▶ [Task item]
Some lines in the listing below may include the string "Photo". How many are there? Give only the number.

---------- Working data

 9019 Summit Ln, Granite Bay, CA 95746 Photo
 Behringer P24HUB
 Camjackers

--------------------
---------- Working data

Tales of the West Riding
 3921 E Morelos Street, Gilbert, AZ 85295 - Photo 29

--------------------
---------- Working data

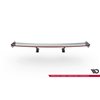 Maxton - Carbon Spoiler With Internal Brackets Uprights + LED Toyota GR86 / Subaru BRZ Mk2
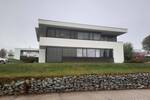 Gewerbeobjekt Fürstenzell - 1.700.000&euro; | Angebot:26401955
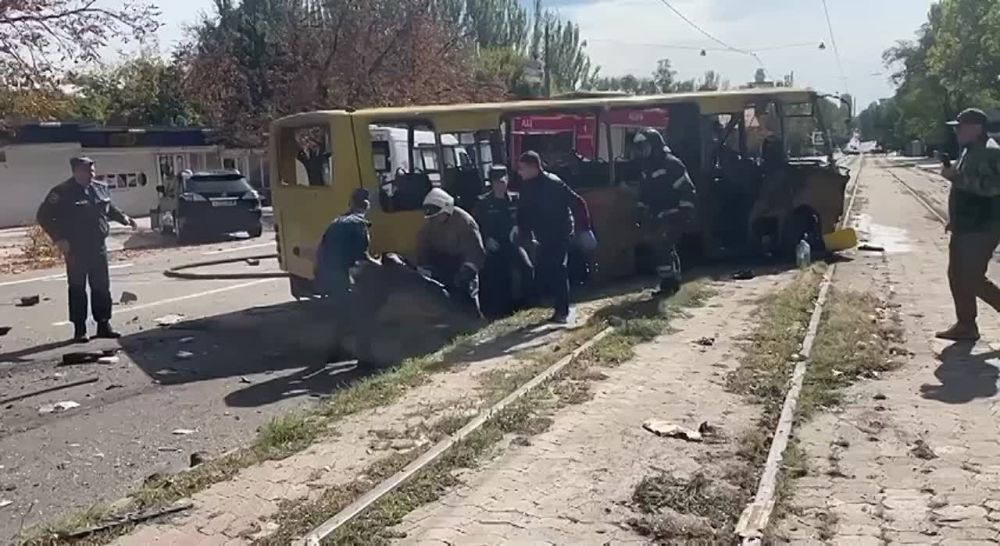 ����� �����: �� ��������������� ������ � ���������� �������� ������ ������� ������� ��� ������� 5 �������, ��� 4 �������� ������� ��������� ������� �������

--------------------

▶ [Solution]
2